* **SOURCE MATERIAL**
= Beginning of Section =
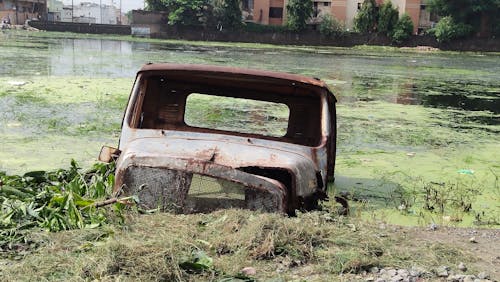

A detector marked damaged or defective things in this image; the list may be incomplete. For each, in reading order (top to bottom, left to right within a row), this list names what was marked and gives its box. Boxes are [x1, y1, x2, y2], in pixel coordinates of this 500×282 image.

abandoned vehicle [99, 63, 338, 214]
rusty car shell [101, 64, 336, 214]
corroded metal [104, 64, 336, 214]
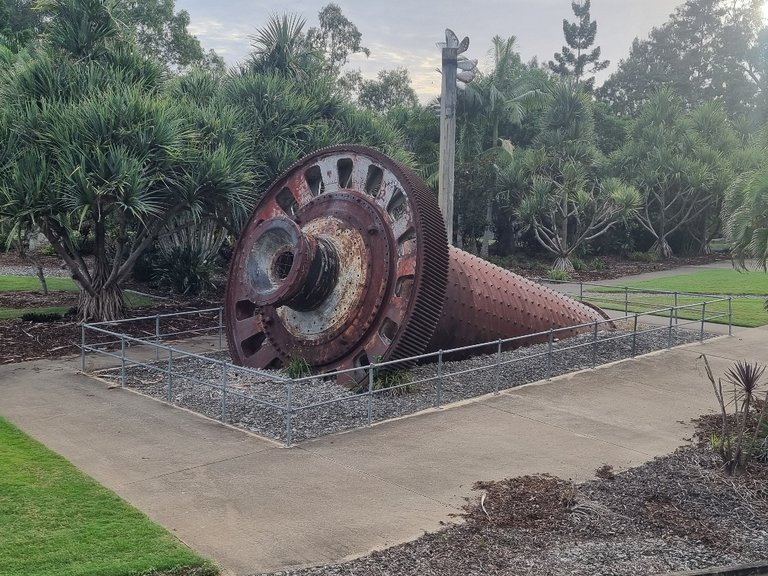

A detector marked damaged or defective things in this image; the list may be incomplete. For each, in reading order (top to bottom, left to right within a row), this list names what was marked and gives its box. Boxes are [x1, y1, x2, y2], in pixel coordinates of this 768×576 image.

rusty industrial machine [225, 146, 608, 376]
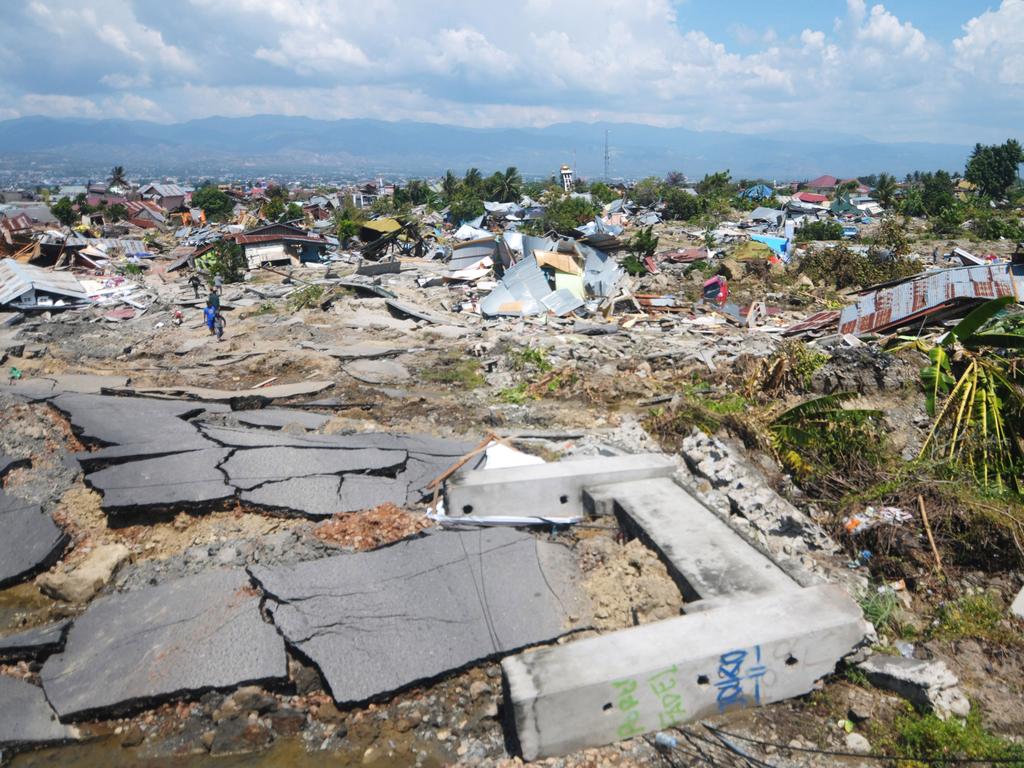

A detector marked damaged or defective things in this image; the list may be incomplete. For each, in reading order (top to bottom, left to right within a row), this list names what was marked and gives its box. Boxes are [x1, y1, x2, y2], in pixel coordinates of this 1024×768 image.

broken asphalt slab [0, 489, 69, 593]
broken asphalt slab [0, 618, 71, 663]
broken asphalt slab [39, 569, 286, 724]
broken asphalt slab [249, 528, 593, 704]
broken asphalt slab [0, 679, 77, 753]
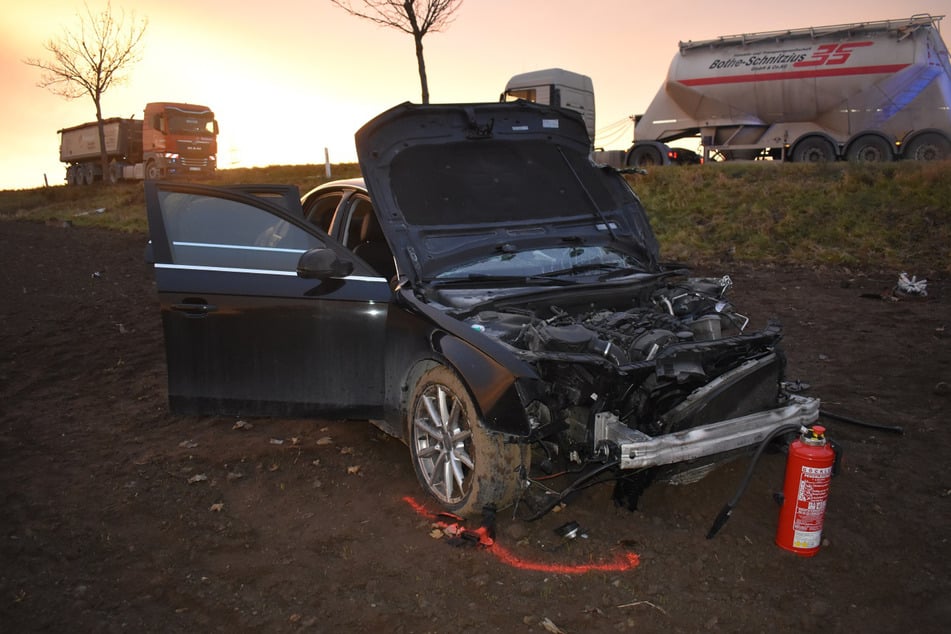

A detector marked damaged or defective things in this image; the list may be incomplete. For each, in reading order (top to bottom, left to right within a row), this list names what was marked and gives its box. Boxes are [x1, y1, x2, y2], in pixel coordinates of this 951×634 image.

black damaged car [143, 101, 820, 516]
detached bumper bar [596, 396, 820, 470]
damaged front bumper [596, 396, 820, 470]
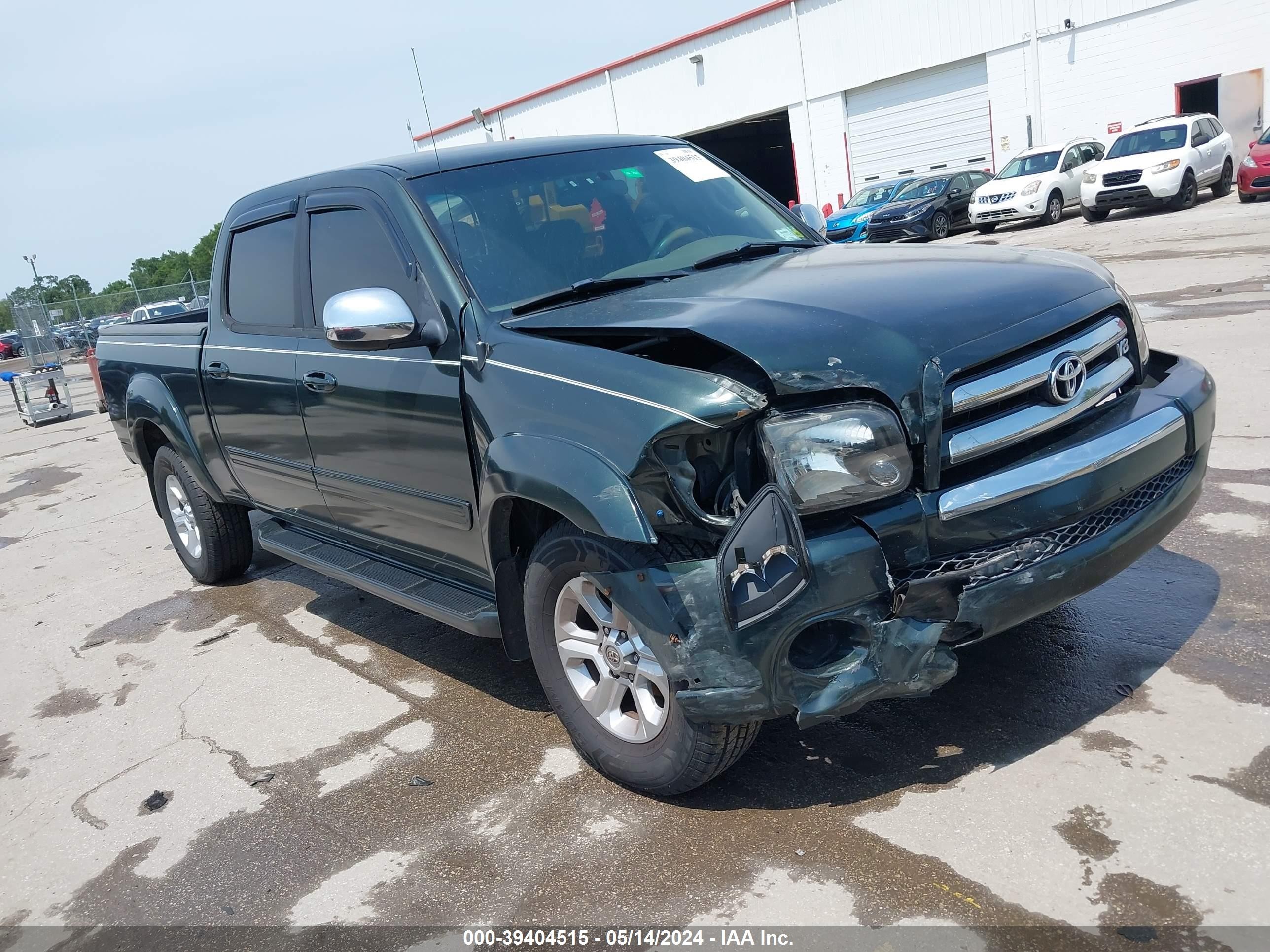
= End of Section =
* **YOUR ASSIGNMENT**
Exact reproduction is required. Output only the lines from the one with "this 1024×768 image." through the end of the listing above, both ends included, and no pictures.

* **SOLUTION TO THE PROBLEM**
A detector marked damaged or defective things in this image; the list may be incomplete. For each, in reading order (top to bottom, left to right within a row), this list names what was marked and gives its box. Boxes are [x1, y1, x2, y2], in pixel coordinates of this 1024×768 image.

broken asphalt slab [0, 489, 69, 593]
broken asphalt slab [0, 618, 71, 663]
broken asphalt slab [39, 569, 286, 724]
broken asphalt slab [249, 528, 593, 704]
broken asphalt slab [0, 679, 77, 753]

A detector marked damaged or defective things in this image; the list may be incomplete. For each, in reading order (top to bottom, left to right within a row), this list names what was marked and gives its box. Boxes are [x1, y1, x2, y2], in pixel coordinates of this 951×634 image.

black damaged car [143, 101, 820, 516]
detached bumper bar [596, 396, 820, 470]
damaged front bumper [596, 396, 820, 470]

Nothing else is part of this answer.